→ RECORDED INFORMATION:
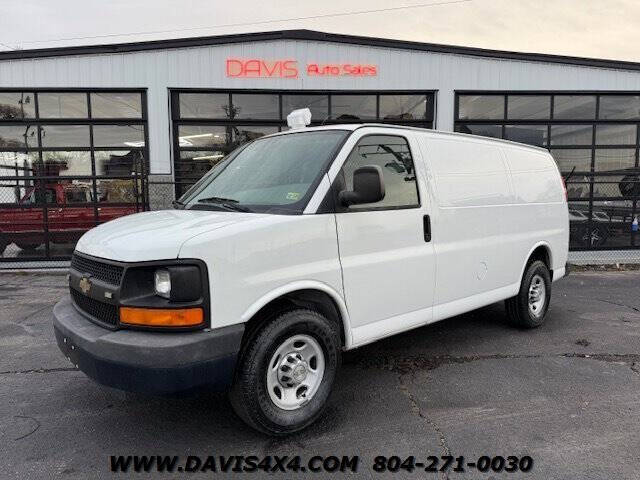2012 Chevrolet Express 3500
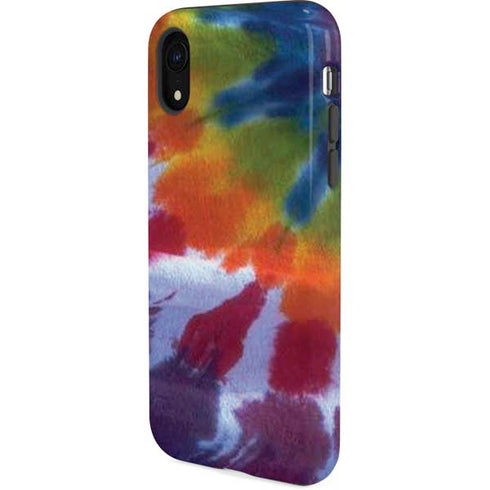 Tie Dye Tie Dye iPhone XR Pro Case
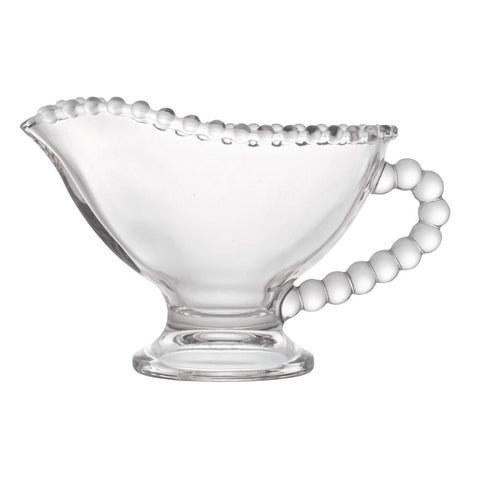 Molheira Pearl de Cristal Incolor 140ml - Wolff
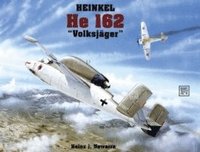 bokomslag Heinkel He 162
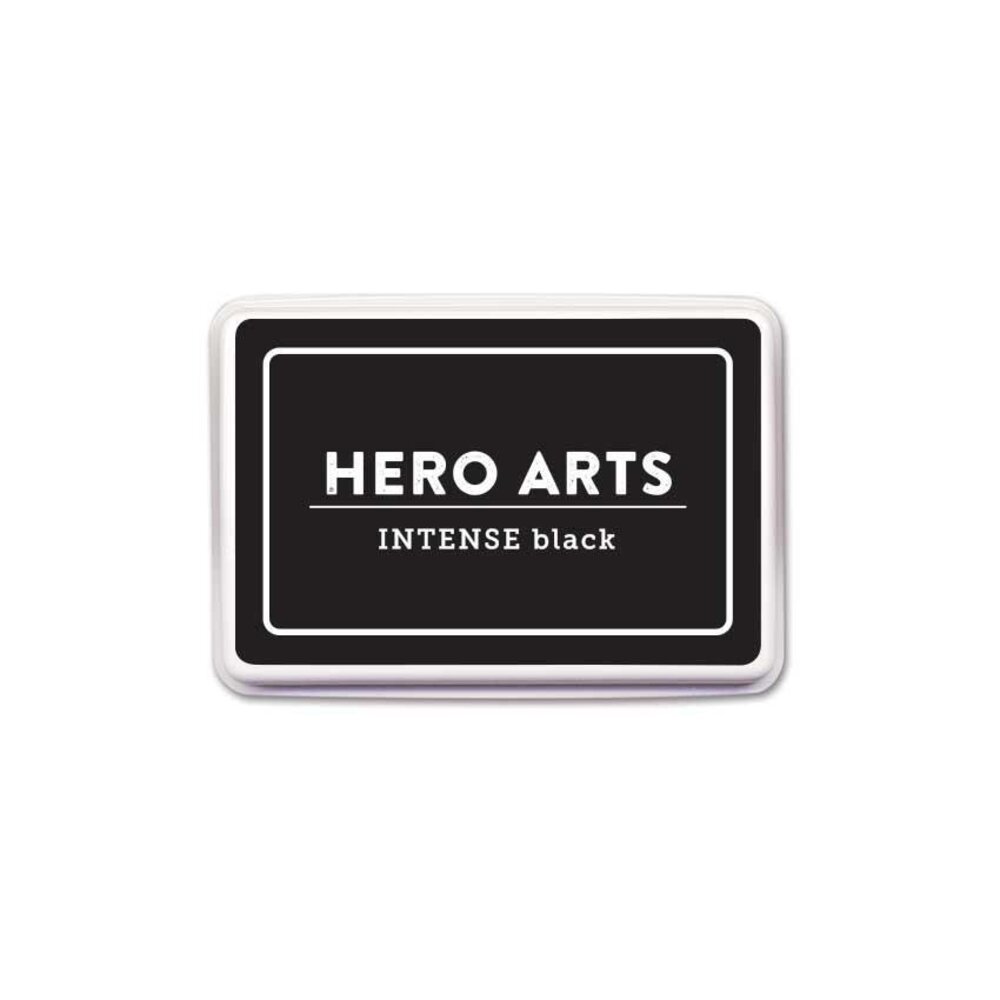 Hero Arts Intense Black Pad (AF345)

→ DIRECTIONS:
Write out the line that contains "Tie Dye Tie Dye iPhone XR Pro Case" and every line after it to the end of the data, exactly as they stand. Omit the pictures.

→ SOLVED EXERCISE:
 Tie Dye Tie Dye iPhone XR Pro Case
 Molheira Pearl de Cristal Incolor 140ml - Wolff
 bokomslag Heinkel He 162
 Hero Arts Intense Black Pad (AF345)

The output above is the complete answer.